Aphorismes du temps présent
V
LES INSTITUTIONS ET LES LOIS
Les hommes en société ne pouvant vivre sans tyrannie, la plus acceptable est encore celle des lois.
Les peuples étant gouvernés par leur mentalité et non par les institutions qu’on leur impose, les lois doivent être l’expression de cette mentalité. Une loi utile pour un peuple devient souvent nuisible pour un autre.
Les lois n’ont pas à s’occuper de la logique rationnelle. Elles sont filles de nécessités indépendantes de cette logique.
Les lois doivent fixer des nécessités et non des passions. Celles édictées sous l’empire d’une passion ne sont jamais durables.
Les lois stabilisent des coutumes, elles peuvent rarement en créer.
Une loi qui ne sanctionne pas simplement la coutume, c’est-à-dire l’expérience du passé, ne fait que codifier notre ignorance de l’avenir.
Les nécessités sociales évoluant plus vite que les codes, la jurisprudence doit compléter et modifier les lois.
Les institutions politiques ne créent pas les sentiments d’un peuple. Elles sont engendrées par ces sentiments.
Les institutions imposées à coups de décrets troublent toujours le jeu des facteurs politiques que les nécessités naturelles finiraient par équilibrer.
Croire, comme les politiciens, à la puissance transformatrice des lois, c’est oublier que derrière les phénomènes visibles, se trouvent toujours des forces invisibles qui les déterminent.
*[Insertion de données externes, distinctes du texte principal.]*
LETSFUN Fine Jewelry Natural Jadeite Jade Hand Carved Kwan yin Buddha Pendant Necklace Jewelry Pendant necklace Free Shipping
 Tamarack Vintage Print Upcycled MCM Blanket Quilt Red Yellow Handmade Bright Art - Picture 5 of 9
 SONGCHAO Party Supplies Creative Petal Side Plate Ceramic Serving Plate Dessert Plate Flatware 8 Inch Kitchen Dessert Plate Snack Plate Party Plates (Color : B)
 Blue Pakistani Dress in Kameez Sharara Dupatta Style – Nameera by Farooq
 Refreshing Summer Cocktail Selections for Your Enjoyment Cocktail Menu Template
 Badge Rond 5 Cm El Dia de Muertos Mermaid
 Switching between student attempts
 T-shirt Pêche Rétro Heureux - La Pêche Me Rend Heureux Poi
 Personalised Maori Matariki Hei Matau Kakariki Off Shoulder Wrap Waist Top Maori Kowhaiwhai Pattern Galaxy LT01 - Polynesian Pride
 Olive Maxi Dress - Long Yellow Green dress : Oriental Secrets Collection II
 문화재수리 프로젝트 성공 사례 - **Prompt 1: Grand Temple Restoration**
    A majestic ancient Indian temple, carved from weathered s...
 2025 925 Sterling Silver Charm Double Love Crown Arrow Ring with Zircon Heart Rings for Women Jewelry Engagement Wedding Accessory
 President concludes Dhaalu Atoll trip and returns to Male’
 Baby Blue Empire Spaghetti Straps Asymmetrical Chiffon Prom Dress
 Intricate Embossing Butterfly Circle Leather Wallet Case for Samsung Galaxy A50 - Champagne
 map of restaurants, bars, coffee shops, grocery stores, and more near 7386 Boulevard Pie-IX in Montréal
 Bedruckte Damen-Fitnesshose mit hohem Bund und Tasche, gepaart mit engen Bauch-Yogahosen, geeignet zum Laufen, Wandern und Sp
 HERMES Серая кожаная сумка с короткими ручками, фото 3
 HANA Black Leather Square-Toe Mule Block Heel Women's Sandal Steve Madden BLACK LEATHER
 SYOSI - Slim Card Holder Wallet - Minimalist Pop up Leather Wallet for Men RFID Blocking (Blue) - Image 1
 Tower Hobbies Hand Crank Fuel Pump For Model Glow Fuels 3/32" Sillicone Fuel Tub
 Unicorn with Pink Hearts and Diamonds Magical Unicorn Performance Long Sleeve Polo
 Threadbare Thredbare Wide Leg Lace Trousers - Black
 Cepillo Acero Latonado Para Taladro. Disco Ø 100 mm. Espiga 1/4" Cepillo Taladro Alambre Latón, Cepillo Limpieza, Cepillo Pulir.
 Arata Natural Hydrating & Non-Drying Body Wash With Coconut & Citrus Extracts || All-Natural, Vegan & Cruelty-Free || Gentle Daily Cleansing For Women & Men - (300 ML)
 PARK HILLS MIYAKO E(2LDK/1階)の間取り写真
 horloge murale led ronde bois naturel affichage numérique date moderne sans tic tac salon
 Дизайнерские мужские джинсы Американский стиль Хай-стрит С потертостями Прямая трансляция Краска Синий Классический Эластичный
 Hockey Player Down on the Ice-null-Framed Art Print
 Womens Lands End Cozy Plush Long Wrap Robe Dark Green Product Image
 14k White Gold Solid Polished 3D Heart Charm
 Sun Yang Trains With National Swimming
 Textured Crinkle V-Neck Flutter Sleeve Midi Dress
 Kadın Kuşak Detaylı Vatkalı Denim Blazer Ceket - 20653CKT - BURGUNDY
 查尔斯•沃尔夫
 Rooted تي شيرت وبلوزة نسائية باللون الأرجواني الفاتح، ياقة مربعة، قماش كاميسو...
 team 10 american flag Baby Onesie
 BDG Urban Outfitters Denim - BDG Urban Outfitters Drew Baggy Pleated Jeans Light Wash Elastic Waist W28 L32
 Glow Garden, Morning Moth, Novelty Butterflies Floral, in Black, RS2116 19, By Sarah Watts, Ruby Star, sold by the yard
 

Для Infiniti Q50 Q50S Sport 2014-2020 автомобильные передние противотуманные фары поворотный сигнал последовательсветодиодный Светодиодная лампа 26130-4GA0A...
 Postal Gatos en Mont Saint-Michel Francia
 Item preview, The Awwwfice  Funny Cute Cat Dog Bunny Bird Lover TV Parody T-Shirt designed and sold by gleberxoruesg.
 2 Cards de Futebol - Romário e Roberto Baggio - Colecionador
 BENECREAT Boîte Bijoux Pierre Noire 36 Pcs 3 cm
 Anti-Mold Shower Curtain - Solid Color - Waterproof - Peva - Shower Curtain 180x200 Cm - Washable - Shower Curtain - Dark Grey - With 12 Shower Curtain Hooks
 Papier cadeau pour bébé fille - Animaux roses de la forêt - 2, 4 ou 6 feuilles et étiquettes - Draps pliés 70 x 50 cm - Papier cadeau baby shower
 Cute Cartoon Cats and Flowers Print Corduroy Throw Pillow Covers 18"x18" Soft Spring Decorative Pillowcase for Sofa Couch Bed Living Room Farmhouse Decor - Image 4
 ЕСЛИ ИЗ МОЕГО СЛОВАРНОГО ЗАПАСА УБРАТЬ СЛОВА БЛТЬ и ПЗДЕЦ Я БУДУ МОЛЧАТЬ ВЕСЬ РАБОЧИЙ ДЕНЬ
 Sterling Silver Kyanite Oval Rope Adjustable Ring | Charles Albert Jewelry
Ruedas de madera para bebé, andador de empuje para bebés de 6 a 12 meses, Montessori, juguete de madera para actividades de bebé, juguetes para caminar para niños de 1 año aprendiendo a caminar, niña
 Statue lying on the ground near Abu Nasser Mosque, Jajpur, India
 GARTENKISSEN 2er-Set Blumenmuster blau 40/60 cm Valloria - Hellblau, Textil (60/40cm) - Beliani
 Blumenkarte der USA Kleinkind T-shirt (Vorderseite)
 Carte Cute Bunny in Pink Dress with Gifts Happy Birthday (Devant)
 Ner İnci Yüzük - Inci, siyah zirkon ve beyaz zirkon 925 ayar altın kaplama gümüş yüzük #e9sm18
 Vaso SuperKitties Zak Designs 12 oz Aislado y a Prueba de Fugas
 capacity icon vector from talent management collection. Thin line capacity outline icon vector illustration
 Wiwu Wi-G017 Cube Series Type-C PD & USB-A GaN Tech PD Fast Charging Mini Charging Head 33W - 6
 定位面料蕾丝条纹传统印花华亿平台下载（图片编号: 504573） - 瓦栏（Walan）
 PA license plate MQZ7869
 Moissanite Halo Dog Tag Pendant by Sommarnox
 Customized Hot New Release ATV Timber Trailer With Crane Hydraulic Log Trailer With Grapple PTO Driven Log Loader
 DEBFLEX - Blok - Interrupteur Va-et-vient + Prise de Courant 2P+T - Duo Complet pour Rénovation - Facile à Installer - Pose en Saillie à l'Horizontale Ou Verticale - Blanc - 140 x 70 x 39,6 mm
Si tant de lois accroissent les maux qu’elles prétendaient guérir, c’est qu’en les votant on ignorait leurs incidences.
Une loi générale, c’est-à-dire non édictée contre un parti, peut être despotique, elle n’est pas arbitraire.
La tyrannie individuelle est prochaine quand les collectivités se soustraient au joug des lois.
Un délit généralisé devient bientôt un droit.
Les lois n’ayant que la force armée pour soutien, ne sauraient durer longtemps.
On remanie facilement sur le papier les lois d’une nation, on ne refait pas son âme.